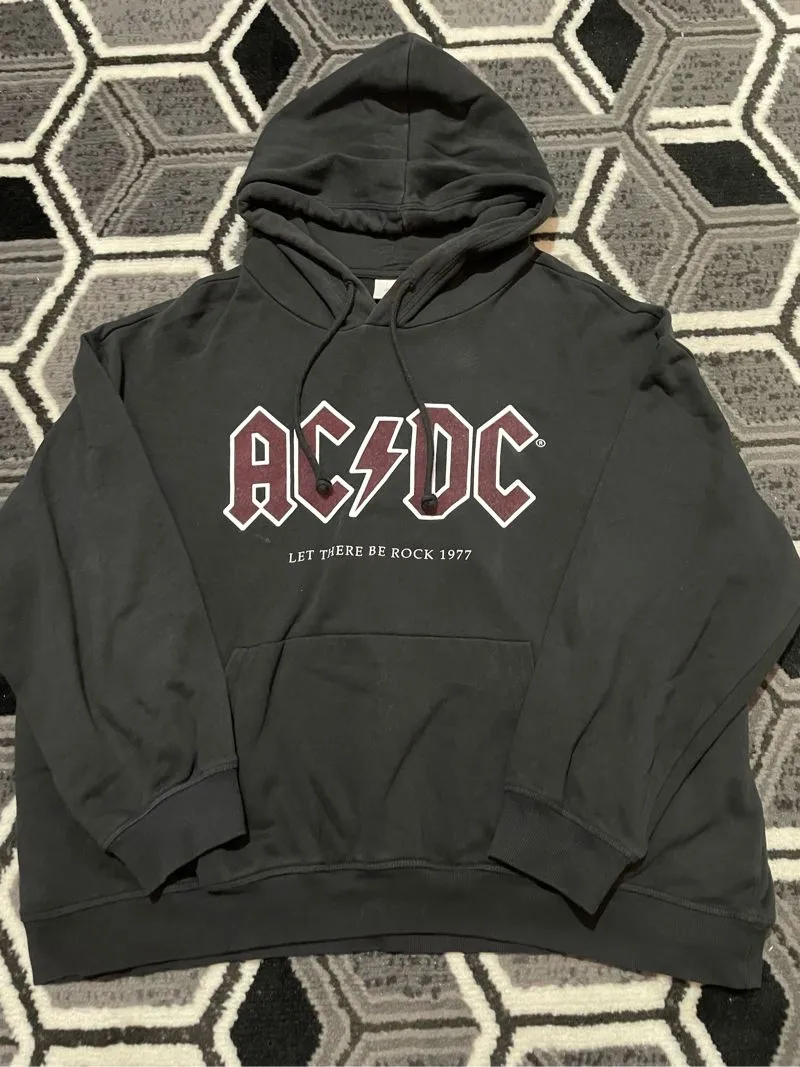 H&M Streetwear Hoody Wanita black photo 1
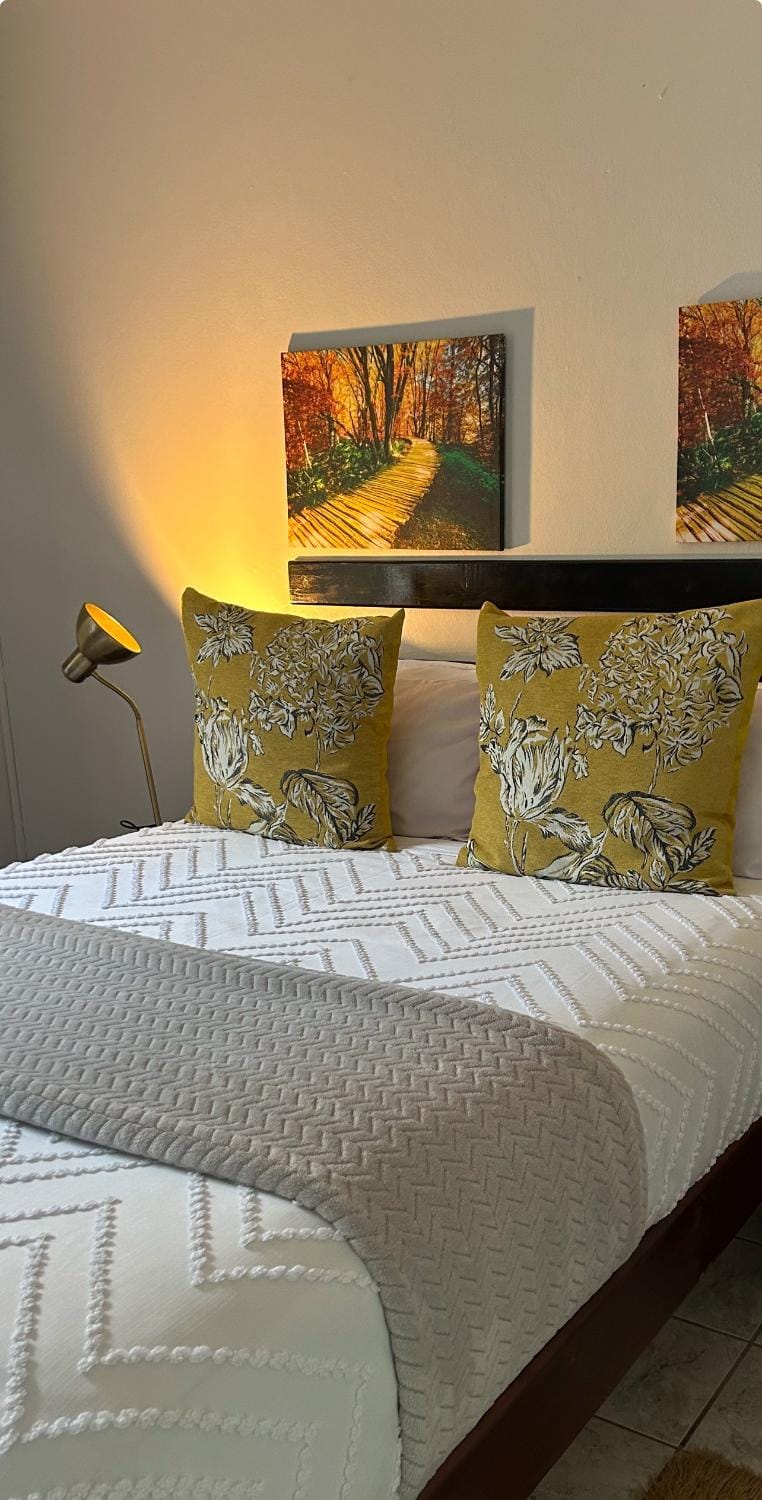 Bed, Decorative detail, Bedroom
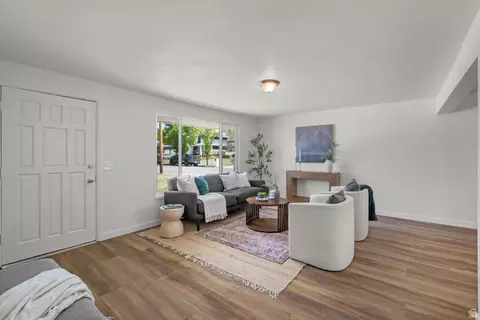 Living - 664 E 5720 S, Murray, UT 84107 photo 2 of 3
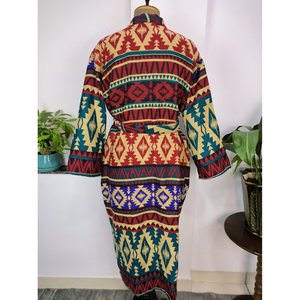 ชุดกิโมโน/เสื้อคลุมแบบยูนิเซ็กซ์ สีเบจแดง พร้อมลายพิมพ์ดอกไม้หรูหราแบบเมืองและลายเรขาคณิตเพชร ผลิตจากผ้าขนสัตว์ผสมขนจามรี - Product Image 5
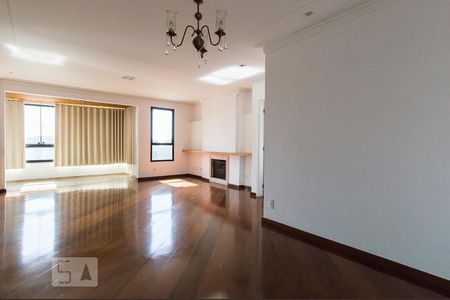 Sala de apartamento à venda com 3 quartos, 157m² em Vila Suzana, São Paulo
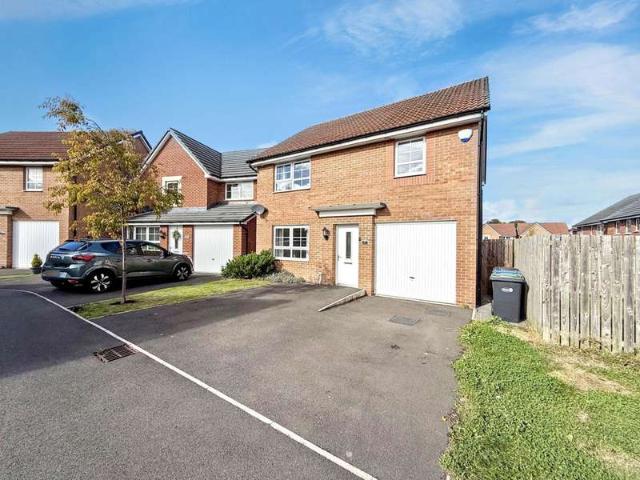 4 Bedroom Detached House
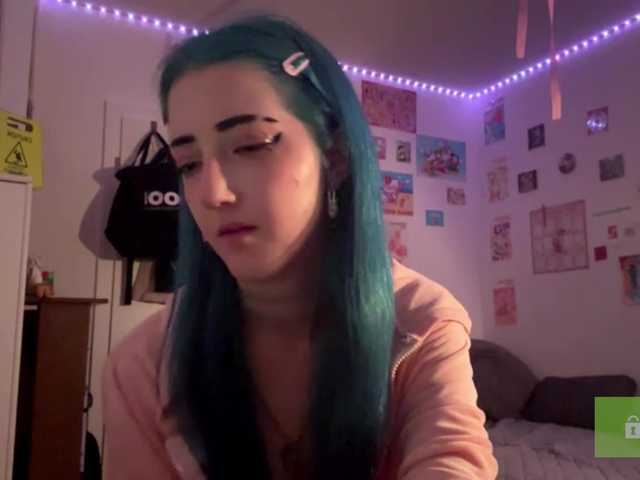 karolinawild live cam on BongaCams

* [AIM OF THE EXERCISE] Exactly the lines from the one with "Product Image 5" to the last line of the listing are wanted, both ends included and pictures excluded.

* [TASK OUTPUT]
 ชุดกิโมโน/เสื้อคลุมแบบยูนิเซ็กซ์ สีเบจแดง พร้อมลายพิมพ์ดอกไม้หรูหราแบบเมืองและลายเรขาคณิตเพชร ผลิตจากผ้าขนสัตว์ผสมขนจามรี - Product Image 5
 Sala de apartamento à venda com 3 quartos, 157m² em Vila Suzana, São Paulo
 4 Bedroom Detached House
 karolinawild live cam on BongaCams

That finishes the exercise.